Will High Valuation Stall the Uptrend in CHD Stock?
By Amit SinghSep. 18 2018, Updated 8:02 a.m. ET
Recent performance
Shares of Church & Dwight (CHD) are up 18.7% on a YTD (year-to-date) basis as of September 14, reflecting double-digit growth in the company’s top line over the past four quarters. Church & Dwight has outperformed industry giants like Procter & Gamble (PG) and Kimberly-Clark (KMB) with its stellar sales growth rate.
Higher organic sales volumes and incremental sales from recent acquisitions have been driving Church Dwight’s top line. Lower taxes and strong sales have led to double-digit growth in the company’s EPS in the half of 2018.
Valuation could stall the upside
Church & Dwight stock is trading at 26.1x the fiscal 2018 EPS of $2.28. The company’s valuation looks expensive, based on the projected growth rate of 17.5% in fiscal 2018. Also, Church & Dwight stock is trading at a premium to the peer group average of 20.6x. Analysts expect the sales and earnings growth rate for Church & Dwight to decelerate significantly in fiscal 2019.

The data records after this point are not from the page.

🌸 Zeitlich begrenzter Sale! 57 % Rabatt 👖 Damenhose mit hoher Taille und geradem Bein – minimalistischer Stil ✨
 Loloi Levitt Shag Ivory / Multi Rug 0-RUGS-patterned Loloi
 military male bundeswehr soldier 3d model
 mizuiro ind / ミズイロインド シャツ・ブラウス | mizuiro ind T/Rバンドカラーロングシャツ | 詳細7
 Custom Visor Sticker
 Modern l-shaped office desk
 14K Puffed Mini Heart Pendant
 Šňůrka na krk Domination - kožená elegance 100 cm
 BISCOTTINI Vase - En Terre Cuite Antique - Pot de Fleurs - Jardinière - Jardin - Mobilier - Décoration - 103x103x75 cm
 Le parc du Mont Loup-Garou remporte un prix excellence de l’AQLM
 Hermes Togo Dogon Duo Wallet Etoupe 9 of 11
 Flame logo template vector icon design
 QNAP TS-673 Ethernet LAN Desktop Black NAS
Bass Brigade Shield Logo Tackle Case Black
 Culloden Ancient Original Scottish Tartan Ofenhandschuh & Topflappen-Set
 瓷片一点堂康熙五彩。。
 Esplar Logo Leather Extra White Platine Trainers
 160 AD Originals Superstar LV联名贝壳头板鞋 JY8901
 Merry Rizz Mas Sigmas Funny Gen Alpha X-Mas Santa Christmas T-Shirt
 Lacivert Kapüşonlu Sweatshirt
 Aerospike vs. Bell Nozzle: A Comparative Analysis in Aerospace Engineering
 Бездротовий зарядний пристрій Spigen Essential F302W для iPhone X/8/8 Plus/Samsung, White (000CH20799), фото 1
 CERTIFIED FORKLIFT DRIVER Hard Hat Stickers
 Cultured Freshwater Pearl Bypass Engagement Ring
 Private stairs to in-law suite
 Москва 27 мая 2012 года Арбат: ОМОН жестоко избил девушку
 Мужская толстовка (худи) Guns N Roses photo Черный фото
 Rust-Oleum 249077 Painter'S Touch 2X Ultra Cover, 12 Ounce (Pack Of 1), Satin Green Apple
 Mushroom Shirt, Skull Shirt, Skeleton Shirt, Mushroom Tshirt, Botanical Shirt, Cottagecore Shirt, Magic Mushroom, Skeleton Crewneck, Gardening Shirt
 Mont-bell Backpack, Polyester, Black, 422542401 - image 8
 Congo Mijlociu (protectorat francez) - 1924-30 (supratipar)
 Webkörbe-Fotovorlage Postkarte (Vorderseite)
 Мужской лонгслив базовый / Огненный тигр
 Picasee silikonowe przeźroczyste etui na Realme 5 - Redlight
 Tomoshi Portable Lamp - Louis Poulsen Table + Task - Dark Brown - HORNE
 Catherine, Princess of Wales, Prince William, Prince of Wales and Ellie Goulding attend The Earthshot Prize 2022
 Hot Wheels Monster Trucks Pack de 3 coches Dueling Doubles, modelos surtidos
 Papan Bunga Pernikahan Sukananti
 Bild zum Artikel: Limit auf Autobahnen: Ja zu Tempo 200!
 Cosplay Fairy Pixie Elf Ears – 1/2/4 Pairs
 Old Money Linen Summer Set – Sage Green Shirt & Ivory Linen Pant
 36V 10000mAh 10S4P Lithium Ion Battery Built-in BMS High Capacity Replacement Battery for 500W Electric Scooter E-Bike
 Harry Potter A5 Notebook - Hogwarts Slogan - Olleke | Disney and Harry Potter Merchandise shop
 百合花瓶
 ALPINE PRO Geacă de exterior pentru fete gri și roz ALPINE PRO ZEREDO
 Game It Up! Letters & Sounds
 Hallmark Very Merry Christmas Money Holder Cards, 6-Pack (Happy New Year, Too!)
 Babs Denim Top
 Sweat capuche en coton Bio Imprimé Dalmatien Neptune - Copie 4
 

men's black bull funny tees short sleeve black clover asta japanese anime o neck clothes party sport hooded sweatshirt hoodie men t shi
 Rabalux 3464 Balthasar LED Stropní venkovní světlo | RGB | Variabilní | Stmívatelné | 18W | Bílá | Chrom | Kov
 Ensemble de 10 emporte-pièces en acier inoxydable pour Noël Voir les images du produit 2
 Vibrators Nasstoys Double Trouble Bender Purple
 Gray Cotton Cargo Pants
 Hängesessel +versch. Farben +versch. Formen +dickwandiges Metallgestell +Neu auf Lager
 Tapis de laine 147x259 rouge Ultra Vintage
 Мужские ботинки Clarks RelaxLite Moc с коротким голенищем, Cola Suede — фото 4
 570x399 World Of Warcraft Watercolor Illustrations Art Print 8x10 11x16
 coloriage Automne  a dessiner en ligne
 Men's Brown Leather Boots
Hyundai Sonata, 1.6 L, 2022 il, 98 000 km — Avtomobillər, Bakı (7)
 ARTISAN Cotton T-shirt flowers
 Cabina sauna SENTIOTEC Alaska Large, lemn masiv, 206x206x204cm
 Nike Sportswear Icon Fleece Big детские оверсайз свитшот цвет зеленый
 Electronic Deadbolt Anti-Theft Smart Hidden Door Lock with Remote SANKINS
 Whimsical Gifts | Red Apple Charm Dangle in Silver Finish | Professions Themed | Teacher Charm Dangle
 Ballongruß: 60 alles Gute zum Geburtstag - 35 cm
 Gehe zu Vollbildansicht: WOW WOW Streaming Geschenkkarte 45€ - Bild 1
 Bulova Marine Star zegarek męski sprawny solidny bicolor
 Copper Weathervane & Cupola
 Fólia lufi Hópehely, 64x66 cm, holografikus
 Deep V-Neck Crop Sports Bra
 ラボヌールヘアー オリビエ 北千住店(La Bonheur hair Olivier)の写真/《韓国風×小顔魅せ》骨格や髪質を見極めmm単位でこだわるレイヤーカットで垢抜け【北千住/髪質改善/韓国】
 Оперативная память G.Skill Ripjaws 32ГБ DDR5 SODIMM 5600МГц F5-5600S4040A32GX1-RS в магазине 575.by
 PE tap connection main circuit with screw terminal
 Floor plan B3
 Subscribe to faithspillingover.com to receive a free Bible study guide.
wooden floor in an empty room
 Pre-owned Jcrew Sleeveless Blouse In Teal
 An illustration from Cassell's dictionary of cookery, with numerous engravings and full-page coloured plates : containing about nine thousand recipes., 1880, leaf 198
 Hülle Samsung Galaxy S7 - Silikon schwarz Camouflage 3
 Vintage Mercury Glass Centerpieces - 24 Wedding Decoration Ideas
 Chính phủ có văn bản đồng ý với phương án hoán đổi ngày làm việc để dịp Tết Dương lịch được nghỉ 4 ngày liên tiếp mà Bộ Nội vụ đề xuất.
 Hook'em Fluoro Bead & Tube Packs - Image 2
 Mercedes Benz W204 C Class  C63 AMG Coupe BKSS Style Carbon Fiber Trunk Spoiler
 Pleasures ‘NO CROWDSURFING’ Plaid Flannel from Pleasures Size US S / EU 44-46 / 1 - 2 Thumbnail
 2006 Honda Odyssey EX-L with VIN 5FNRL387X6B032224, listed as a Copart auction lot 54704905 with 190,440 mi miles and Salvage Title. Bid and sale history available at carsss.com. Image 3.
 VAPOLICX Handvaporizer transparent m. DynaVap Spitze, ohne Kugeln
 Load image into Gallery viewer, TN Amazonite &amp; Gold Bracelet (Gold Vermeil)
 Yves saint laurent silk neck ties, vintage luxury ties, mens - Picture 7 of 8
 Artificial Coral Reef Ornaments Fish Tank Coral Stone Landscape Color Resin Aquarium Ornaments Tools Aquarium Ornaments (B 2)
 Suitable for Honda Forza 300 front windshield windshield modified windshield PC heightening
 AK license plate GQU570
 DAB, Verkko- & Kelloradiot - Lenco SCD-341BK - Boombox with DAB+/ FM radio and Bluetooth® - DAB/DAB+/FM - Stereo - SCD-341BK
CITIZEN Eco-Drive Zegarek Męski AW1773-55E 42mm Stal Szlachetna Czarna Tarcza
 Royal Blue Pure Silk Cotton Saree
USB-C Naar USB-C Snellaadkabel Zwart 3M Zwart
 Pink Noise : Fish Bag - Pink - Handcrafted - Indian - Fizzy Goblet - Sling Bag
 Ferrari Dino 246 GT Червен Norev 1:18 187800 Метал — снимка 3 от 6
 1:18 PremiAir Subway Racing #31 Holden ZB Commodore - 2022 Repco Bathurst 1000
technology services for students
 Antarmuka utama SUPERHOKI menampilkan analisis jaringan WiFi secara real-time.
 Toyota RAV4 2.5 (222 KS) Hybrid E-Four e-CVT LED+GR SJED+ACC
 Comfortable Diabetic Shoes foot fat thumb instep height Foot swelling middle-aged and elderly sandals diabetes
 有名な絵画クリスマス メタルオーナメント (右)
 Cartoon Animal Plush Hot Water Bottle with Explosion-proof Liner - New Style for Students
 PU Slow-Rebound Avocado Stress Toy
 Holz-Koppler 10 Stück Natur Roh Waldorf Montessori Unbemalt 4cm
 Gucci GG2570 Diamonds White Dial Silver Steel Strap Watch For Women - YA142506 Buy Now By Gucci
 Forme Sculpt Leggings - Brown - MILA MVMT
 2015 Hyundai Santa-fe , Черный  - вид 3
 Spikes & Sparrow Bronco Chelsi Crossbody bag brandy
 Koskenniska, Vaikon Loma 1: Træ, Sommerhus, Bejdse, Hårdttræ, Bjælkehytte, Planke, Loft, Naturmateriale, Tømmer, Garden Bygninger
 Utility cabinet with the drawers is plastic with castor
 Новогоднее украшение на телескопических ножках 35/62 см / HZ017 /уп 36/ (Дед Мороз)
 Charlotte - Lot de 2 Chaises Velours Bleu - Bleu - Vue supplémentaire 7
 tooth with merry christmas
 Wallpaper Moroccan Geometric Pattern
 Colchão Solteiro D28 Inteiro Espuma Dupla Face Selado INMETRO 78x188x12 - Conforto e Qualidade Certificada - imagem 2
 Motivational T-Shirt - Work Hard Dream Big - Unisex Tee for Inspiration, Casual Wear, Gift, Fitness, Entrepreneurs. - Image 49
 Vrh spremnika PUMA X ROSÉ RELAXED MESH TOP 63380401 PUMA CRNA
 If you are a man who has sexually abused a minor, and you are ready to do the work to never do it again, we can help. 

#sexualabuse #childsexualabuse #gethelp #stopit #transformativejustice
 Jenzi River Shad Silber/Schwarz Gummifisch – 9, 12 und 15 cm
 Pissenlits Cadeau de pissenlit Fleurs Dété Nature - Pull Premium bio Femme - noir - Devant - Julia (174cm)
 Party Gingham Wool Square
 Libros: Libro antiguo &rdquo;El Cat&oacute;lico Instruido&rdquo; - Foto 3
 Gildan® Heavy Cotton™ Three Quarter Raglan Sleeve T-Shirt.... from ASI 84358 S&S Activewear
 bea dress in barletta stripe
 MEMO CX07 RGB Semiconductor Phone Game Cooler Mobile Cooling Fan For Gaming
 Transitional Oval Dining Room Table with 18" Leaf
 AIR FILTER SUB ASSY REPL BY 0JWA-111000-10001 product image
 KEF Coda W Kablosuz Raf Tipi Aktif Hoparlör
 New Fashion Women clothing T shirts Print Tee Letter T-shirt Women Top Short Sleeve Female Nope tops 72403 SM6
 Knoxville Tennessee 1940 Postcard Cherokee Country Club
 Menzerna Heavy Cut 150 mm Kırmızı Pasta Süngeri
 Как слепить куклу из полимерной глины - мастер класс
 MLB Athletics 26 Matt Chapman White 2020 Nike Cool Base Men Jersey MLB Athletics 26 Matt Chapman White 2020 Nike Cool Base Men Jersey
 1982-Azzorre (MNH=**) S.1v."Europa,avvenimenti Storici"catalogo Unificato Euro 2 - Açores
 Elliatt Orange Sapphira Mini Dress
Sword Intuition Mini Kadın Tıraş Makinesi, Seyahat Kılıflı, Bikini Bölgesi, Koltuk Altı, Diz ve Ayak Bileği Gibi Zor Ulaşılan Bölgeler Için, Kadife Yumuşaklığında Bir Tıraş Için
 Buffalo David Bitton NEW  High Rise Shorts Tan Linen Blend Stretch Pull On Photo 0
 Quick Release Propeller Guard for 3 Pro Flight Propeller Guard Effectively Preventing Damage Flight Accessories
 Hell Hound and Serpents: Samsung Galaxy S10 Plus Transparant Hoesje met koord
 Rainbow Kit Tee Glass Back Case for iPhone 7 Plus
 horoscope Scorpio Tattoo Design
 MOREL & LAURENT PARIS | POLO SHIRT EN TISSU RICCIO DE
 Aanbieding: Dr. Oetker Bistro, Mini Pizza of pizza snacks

Given the company’s high valuation multiple, the anticipated decline in the growth rate, and the planned increase in marketing spending and cost headwinds, the upside to CHD stock seems limited.
Among analysts covering CHD stock, 11 recommend a “hold,” five suggest a “buy,” and five maintain a “sell” rating. Analysts’ consensus target price of $55.28 per share indicates a downside of 7.2%, based on the stock’s closing price of $59.55 on September 14.